In-universe information
- Gender: Male
- Occupation: Amateur detective
- Nationality: British

= Melrose Plant =

Melrose Plant is a fictional character in Martha Grimes' series of Richard Jury mystery novels. Superintendent Richard Jury is a Scotland Yard detective who frequently calls on Plant to assist him, unofficially, in his cases.

==Character biography==
Melrose Plant celebrated his fortieth birthday at the commencement of the first book of the series (1981's The Man with a Load of Mischief). He is single, well-educated and wealthy and lives in the little village of Long Piddleton in Northamptonshire. He resides in the local manor house, Ardry End, as he is the only son of the (deceased) seventh Earl of Caverness. He is, by birth, the eighth Earl of Caverness (as well as several other titles), making him Lord Ardry, but he has "given up" his titles (although he occasionally takes them up again when needed in his detective work).

While in Long Piddleton, Plant associates with a variety of local characters, many of whom are also wealthy and single, at the local pub, the Jack and Hammer. At home he is plagued by his aunt Agatha, widow of his uncle Robert, who styles herself Lady Ardry. Agatha has her own cottage in Long Piddleton but is constantly visiting at Ardry End. In contrast to Plant himself, Agatha is snobbish and grasping, obsessed with the aristocracy and not above pilfering small (but expensive) items from Ardry End which she thinks will not be missed. And to top it off, she is American.

Very little is missed by Melrose Plant, however. He is clever and capable and is usually called upon by Jury to insinuate himself into the group of suspects to get an insider's view of the circumstances surrounding the murder currently under investigation. This sometimes requires him to appear as an aristocratic dilettante, naturally enough, but on other occasions he has impersonated a tradesman or a servant.

In the novels Plant, in spite of his wealth and education, is frequently at a disadvantage relative to Jury, especially in his relationships with the elegant women and precocious children who inhabit the books.
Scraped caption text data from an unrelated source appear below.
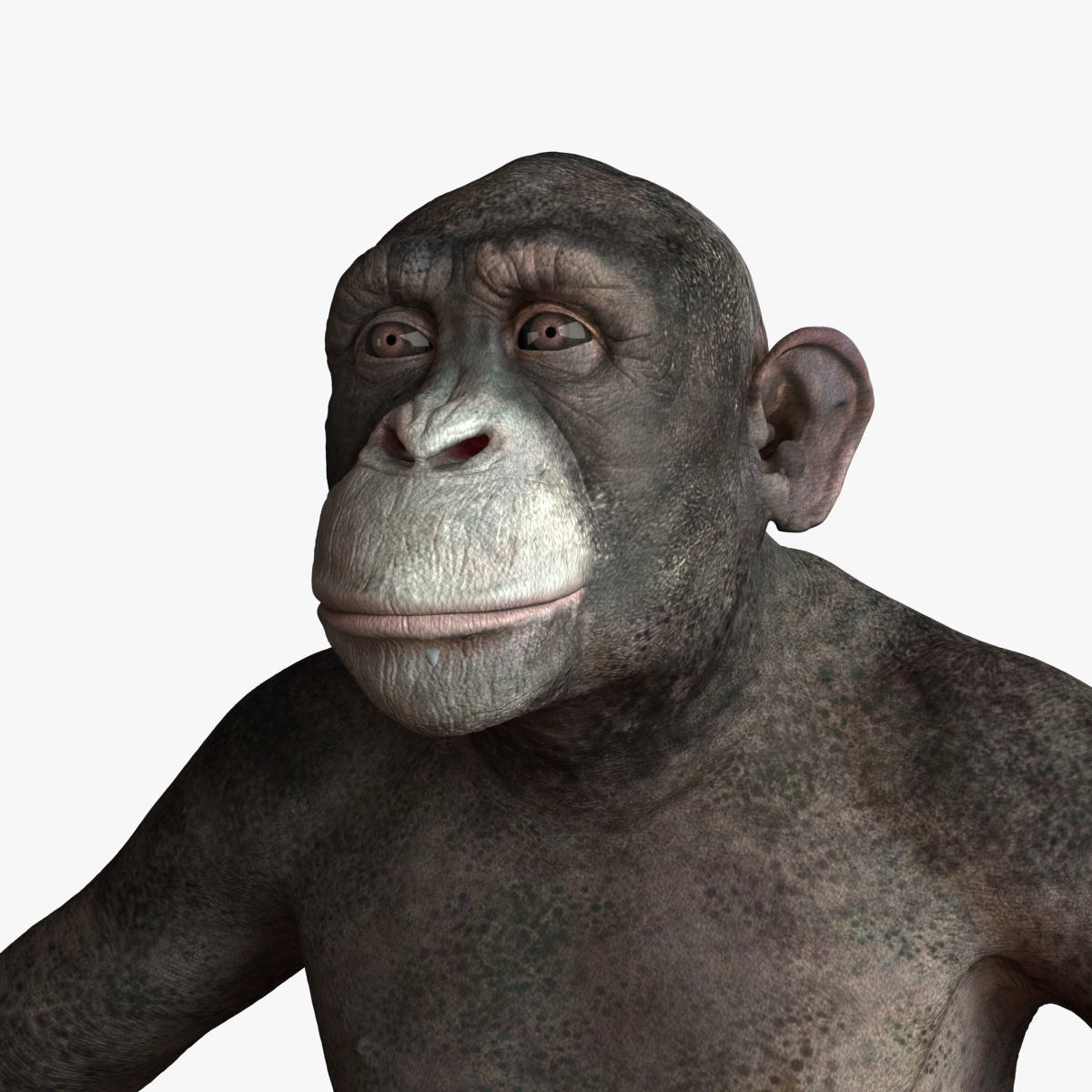 Chimpanzee Chimp 3d Model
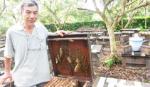 Nghề nuôi ong lấy mật: Đam mê mới thành công
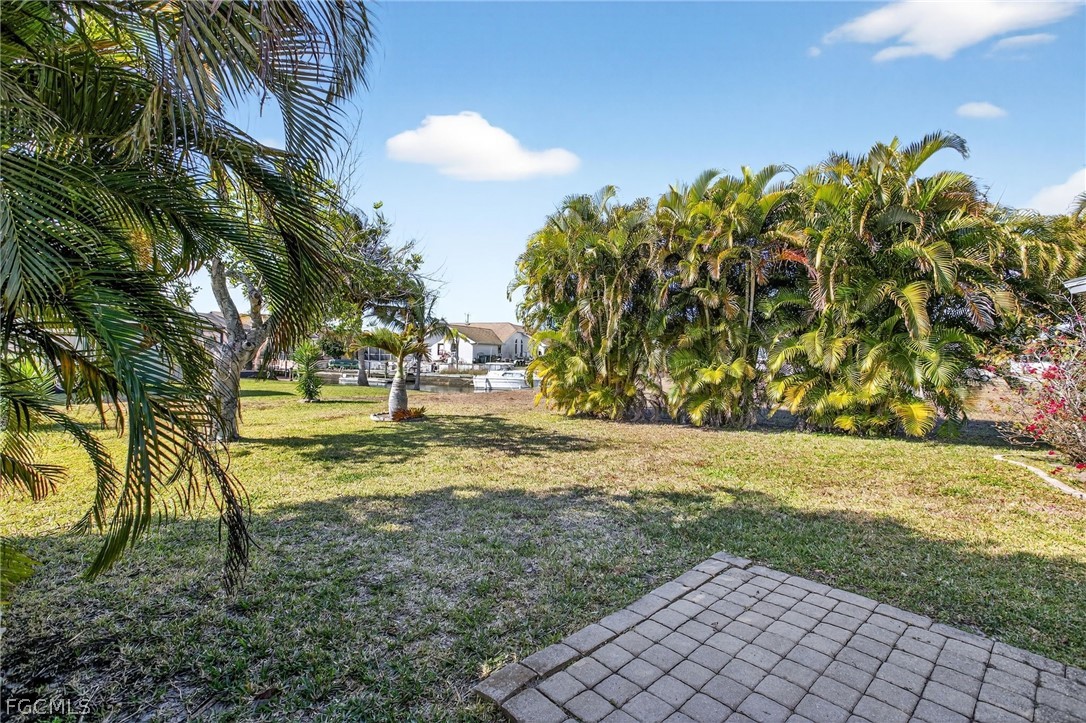 Yard
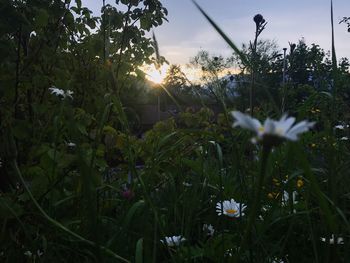 Flowers growing in park during sunset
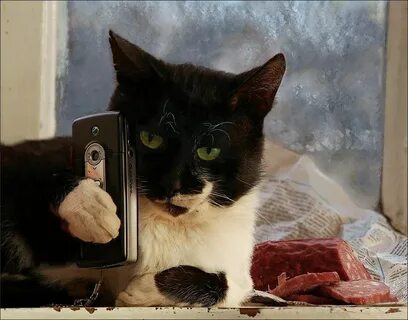Включи телефон кота
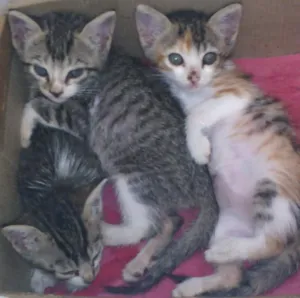 Gato raça  idade Abaixo de 2 meses nome sem nomes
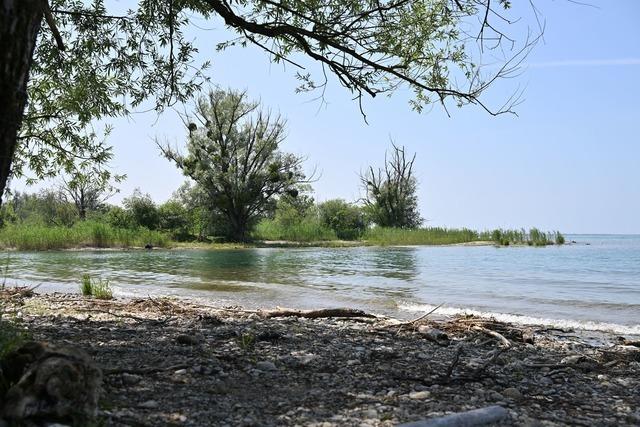 Neuer FKK-Strand am Bodensee geplant
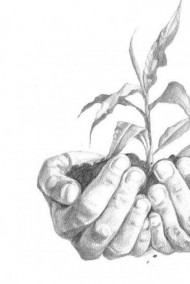 Обложка книги Чувство доброты.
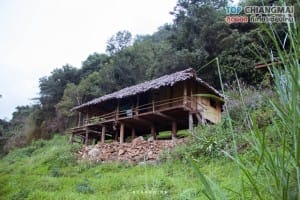 ป่าปงเปียง (26)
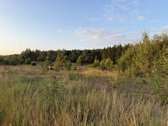 Parduodamas 1.697 Ha Žemės Ūkio Paskirties - nuotraukos Nr. 2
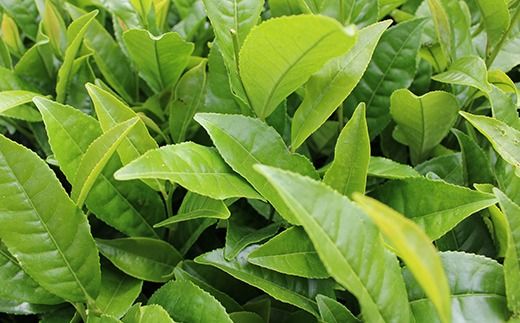 三芳町産狭山茶詰め合わせ （高級煎茶100g×3本、特選煎茶100g×2本） 銘茶 煎茶 緑茶 お茶 抗酸化作用 カテキン 鮮やか 色合い 旨み 渋み 茶匠の技 国産 FAA-115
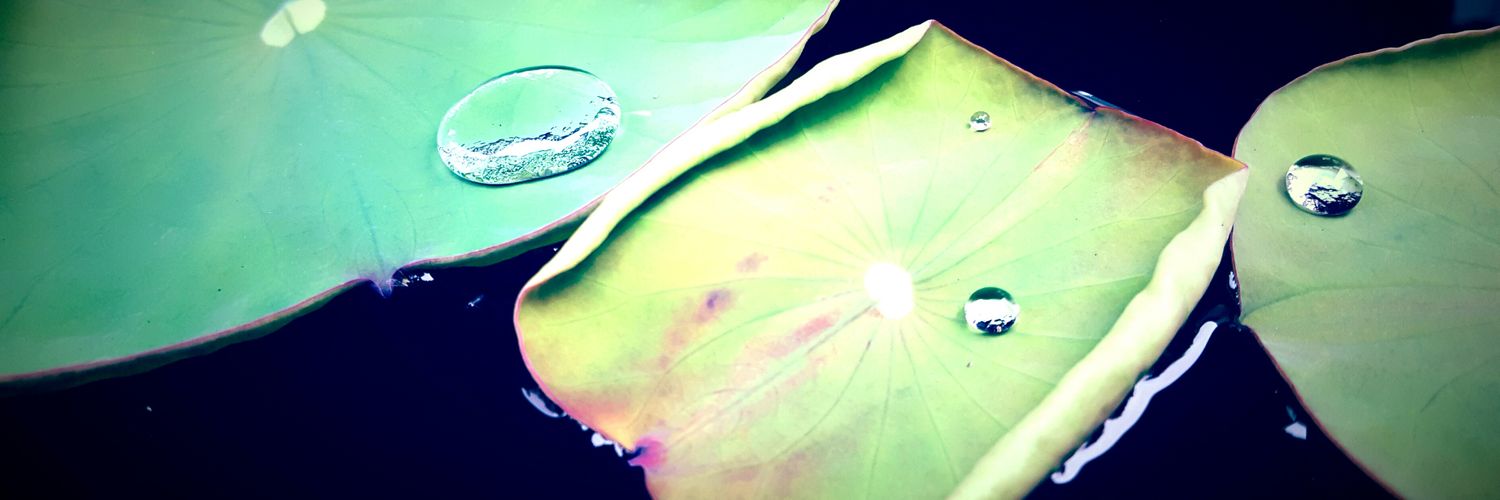 jpshunkay's profile banner image
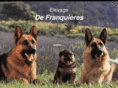 franquieres-berger-allemand.com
He and Jury are, nonetheless, fast friends and each provides the other with vital insight in solving the crimes. As the clues to the murders slowly unfold, each of them usually arrives at the solution independently and the climactic scene usually involves them arriving on the heels of one another, either just in time or just too late.

Plant is a Lou Reed devotee, and his preferred ale is Old Peculier.

==Adaptations==
The Man With a Load of Mischief, Help the Poor Struggler and The Deer Leap were filmed for German and Austrian television under the titles Der Tote im Pub (The Dead Man in the Pub) (2013), Mord im Nebel (Murder in the Fog) (2015) and Inspektor Jury spielt Katz und Maus (Inspector Jury Plays Cat-and-mouse) (2017). Fritz Karl as Jury, Götz Schubert as Plant and Katharina Thalbach as "Lady" Agatha Ardry.